Data to use =>

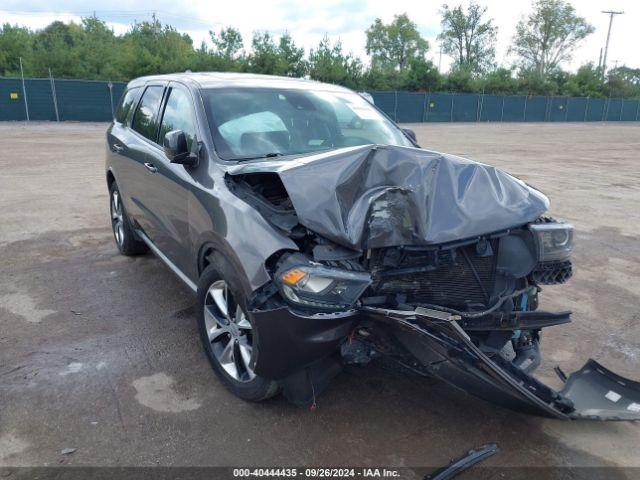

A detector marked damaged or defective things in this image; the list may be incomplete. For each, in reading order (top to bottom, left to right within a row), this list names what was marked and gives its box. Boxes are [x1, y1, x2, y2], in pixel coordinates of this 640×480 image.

broken headlight [274, 260, 370, 310]
damaged gray suv [106, 72, 640, 420]
deployed crumpled fender [226, 143, 552, 249]
crumpled hood [226, 143, 552, 251]
broken headlight [528, 222, 576, 262]
deployed crumpled fender [364, 308, 640, 420]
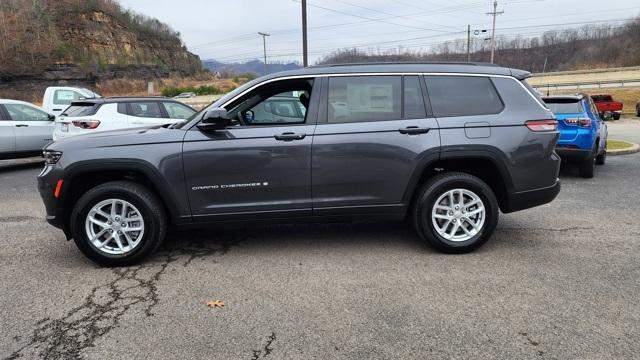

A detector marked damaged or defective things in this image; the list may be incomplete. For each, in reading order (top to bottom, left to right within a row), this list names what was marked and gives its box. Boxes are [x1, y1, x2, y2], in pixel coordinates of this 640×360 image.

cracked pavement [1, 148, 640, 358]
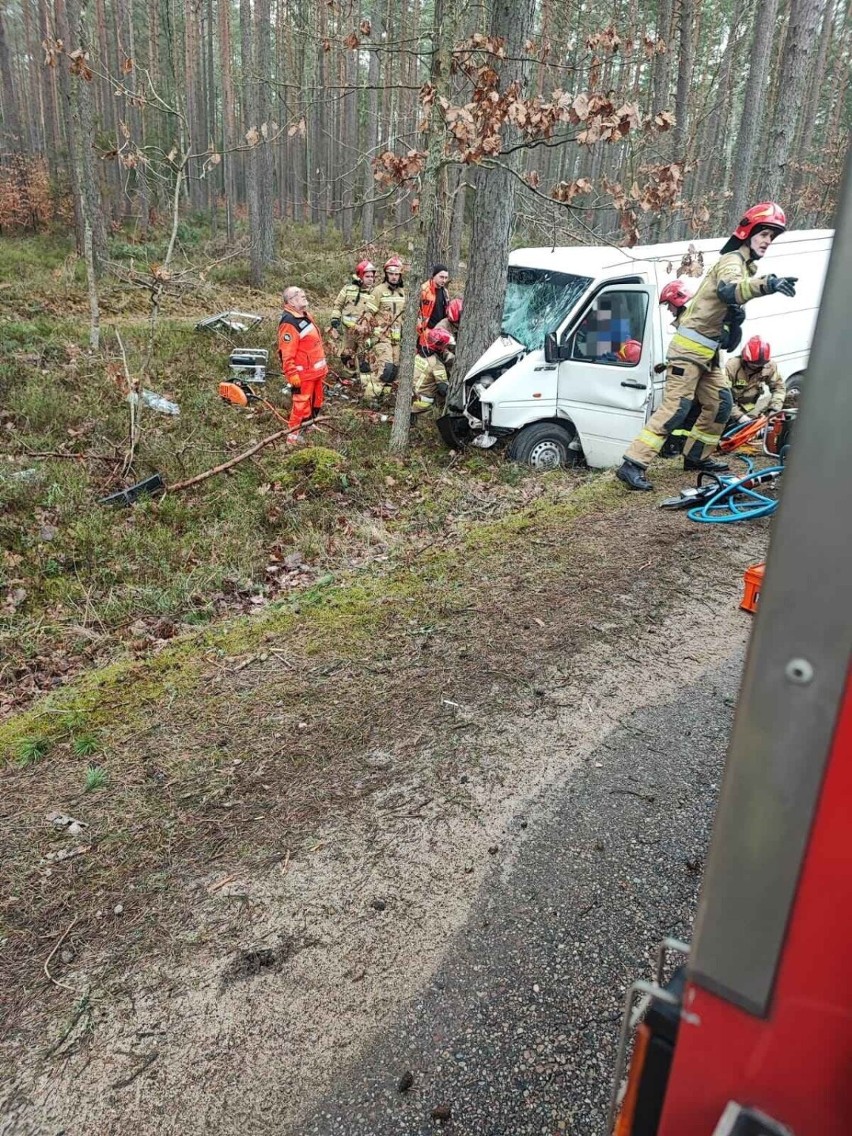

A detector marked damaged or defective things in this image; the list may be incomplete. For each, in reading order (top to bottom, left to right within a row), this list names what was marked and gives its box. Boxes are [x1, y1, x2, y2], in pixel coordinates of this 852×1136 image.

damaged windshield [500, 268, 592, 352]
crashed white van [446, 229, 832, 468]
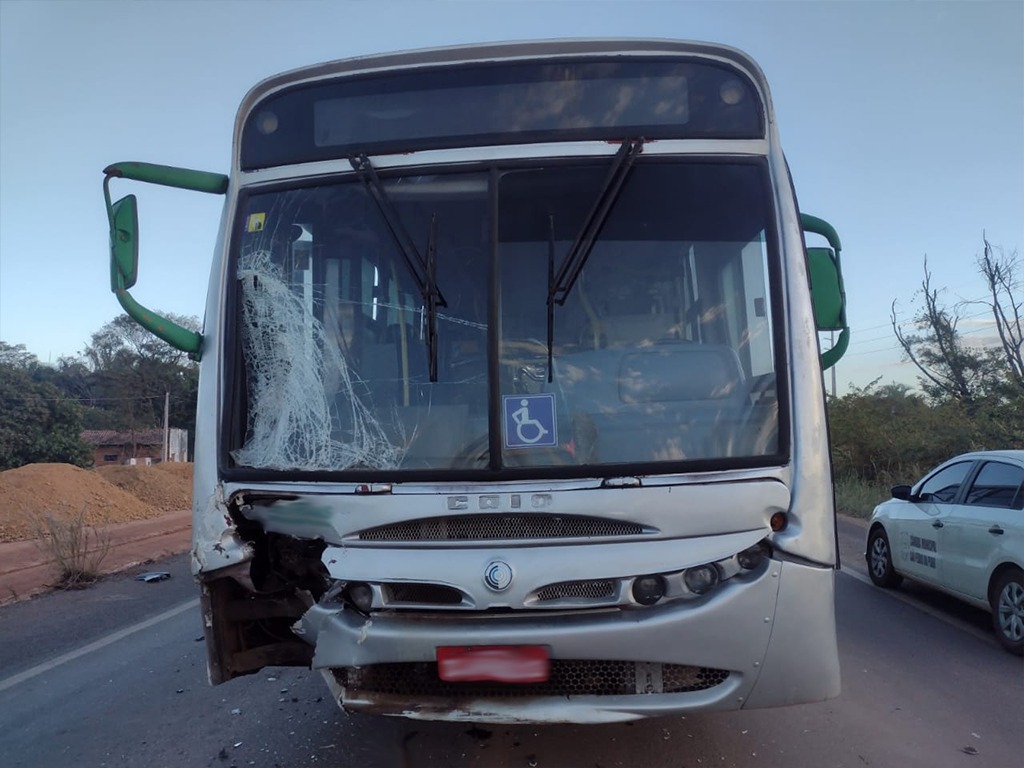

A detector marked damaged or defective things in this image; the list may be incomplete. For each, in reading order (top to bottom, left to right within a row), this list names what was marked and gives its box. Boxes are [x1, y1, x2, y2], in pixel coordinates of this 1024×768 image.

damaged bus [102, 40, 848, 728]
cracked windshield [232, 161, 776, 472]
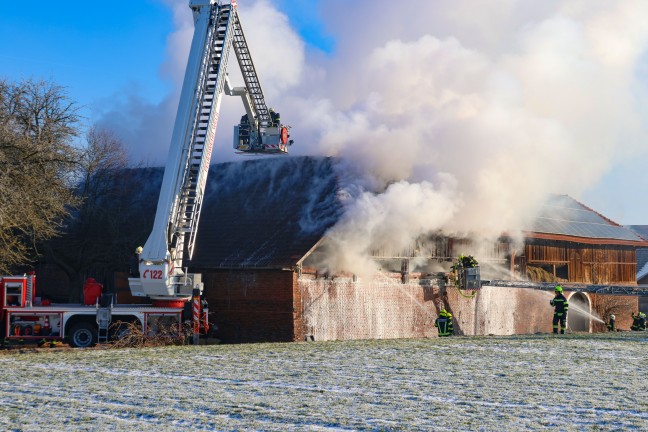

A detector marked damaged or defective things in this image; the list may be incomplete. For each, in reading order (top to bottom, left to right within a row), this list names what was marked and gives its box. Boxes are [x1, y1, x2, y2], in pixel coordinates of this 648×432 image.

damaged roof [189, 157, 344, 268]
damaged roof [528, 196, 648, 246]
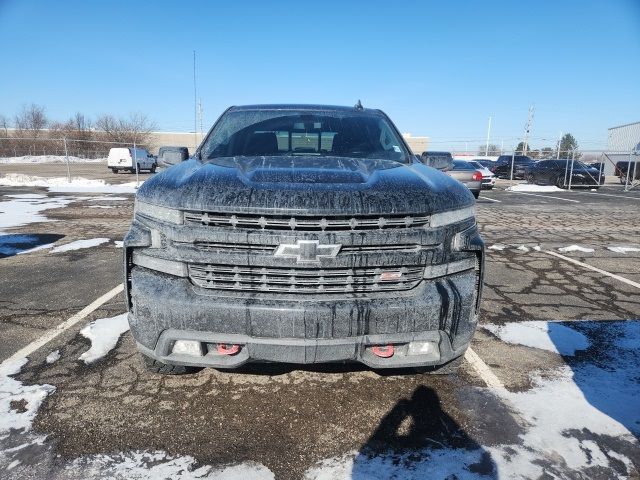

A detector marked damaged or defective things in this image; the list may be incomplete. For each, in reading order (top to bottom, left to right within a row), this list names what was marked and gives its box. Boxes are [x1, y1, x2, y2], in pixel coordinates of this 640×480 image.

cracked asphalt [1, 163, 640, 478]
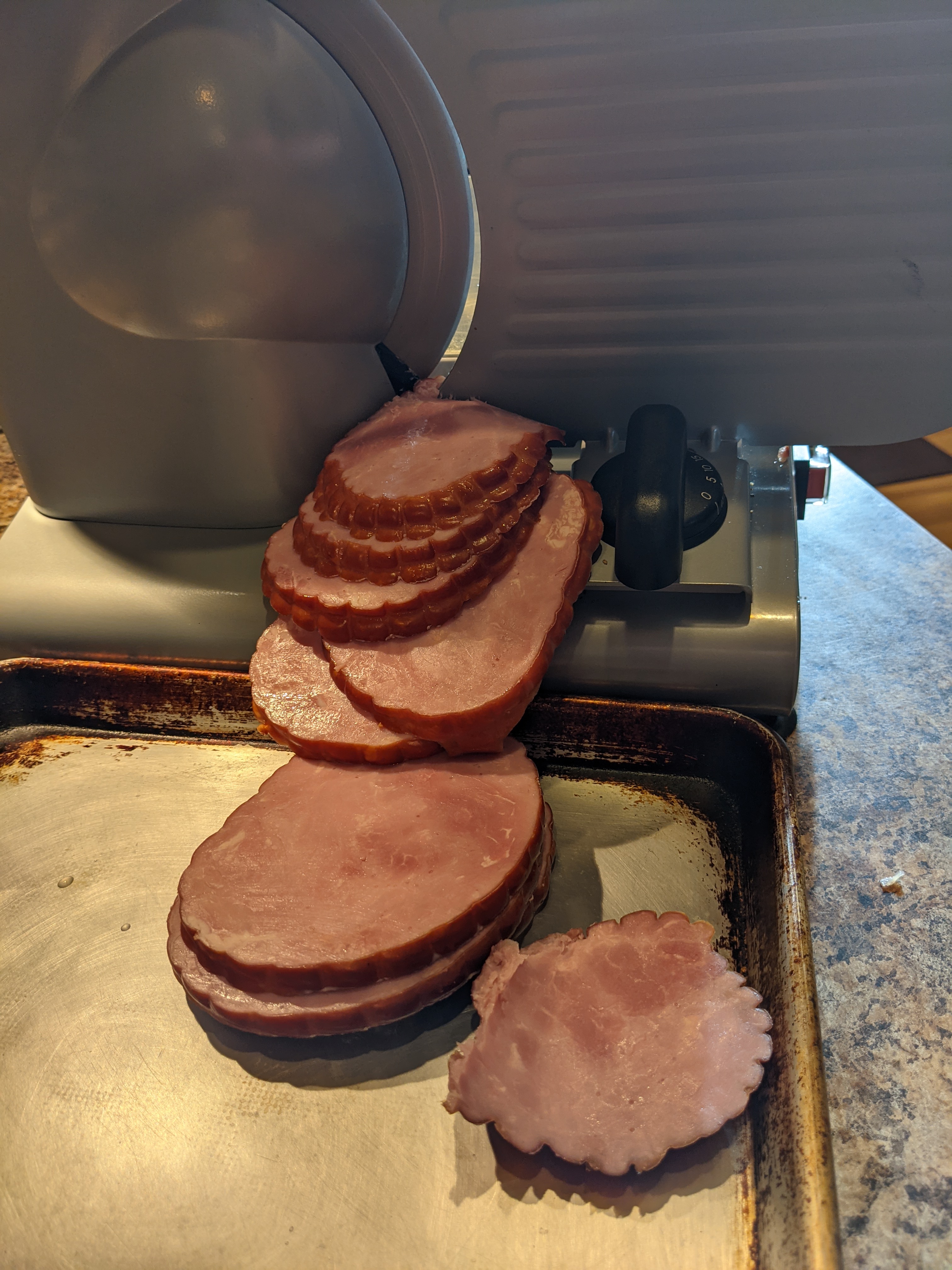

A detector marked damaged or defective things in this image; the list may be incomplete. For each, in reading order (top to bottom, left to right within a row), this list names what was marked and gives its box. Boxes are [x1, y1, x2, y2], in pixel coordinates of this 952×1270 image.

rusty stained baking sheet [0, 660, 838, 1265]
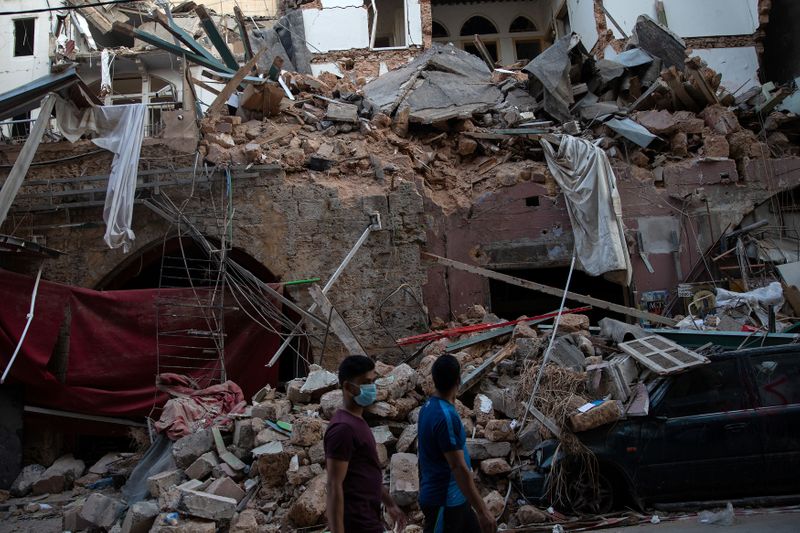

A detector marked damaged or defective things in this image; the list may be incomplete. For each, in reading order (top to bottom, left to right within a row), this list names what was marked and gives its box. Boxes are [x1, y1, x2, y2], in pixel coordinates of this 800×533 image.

Assignment => Quote verbatim every line starting at the line that contains "this 648×432 image." and ending with the last line of the records; omit all pictures.

Finished task =>
A detector marked damaged or defective things in this image; the list may be incomplete. For each, in reading order (top to bottom, left to right within a row), this list names what was marked and gives its box. Boxes are [x1, y1, x2, y2], in pixel coordinates of this 648×432 image.

damaged roof [189, 157, 344, 268]
damaged roof [528, 196, 648, 246]

A detector marked damaged or defective things in this image; the list may be incomplete. For each, in reading order (top to bottom, left to right within a row), this list names what was marked and gives its box. Boxes are [x1, y1, x2, y2], in pixel coordinates of this 640×480 image.

cracked asphalt [1, 163, 640, 478]

A detector marked damaged or defective things in this image; the list may be incomplete. For each, in reading order (top to bottom, left to right within a row), this list names what was marked and gives its box. Boxes are [x1, y1, x2, y2], in pixel coordinates of this 952×1270 image.

rusty stained baking sheet [0, 660, 838, 1265]

A detector marked damaged or defective things in this image; the list may be incomplete. For each, in reading order (top to bottom, left to right within a row), this list names what was marked and gives its box. Boxes are [x1, y1, x2, y2], in pixel coordinates of this 800×533 image.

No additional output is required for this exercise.